• _Provided entries_
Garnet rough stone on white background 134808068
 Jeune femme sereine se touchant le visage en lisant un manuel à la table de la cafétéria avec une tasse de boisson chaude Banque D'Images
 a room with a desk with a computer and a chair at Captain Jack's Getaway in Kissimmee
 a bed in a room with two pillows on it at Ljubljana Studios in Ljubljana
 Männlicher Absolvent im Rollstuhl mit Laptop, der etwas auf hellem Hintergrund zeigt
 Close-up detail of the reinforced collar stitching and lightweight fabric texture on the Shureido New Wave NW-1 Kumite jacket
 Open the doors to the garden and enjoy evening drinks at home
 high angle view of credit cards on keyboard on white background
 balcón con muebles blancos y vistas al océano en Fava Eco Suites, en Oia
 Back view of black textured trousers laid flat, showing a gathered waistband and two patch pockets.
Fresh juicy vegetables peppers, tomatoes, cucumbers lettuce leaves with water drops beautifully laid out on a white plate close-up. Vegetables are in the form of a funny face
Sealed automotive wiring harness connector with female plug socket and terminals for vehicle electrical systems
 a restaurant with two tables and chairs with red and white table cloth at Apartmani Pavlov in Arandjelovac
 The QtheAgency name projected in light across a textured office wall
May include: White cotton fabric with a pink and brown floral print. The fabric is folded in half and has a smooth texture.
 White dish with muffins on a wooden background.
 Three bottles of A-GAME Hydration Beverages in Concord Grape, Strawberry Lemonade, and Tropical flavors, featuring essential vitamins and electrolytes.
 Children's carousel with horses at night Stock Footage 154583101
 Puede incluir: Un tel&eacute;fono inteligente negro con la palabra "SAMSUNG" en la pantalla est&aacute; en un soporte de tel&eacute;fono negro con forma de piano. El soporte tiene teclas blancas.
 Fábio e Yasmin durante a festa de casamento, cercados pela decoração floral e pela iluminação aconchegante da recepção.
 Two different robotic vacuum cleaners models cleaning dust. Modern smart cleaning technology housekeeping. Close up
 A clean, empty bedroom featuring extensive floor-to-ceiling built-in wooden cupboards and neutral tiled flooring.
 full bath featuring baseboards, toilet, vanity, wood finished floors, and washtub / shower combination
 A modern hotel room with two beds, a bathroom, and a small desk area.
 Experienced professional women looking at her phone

• _Task prompt_
Repeat, exactly as they stand above, the lines from the line with "Fresh juicy vegetables" to the line with "May include: White", both lines included.

• _Solution for this problem_
Fresh juicy vegetables peppers, tomatoes, cucumbers lettuce leaves with water drops beautifully laid out on a white plate close-up. Vegetables are in the form of a funny face
Sealed automotive wiring harness connector with female plug socket and terminals for vehicle electrical systems
 a restaurant with two tables and chairs with red and white table cloth at Apartmani Pavlov in Arandjelovac
 The QtheAgency name projected in light across a textured office wall
May include: White cotton fabric with a pink and brown floral print. The fabric is folded in half and has a smooth texture.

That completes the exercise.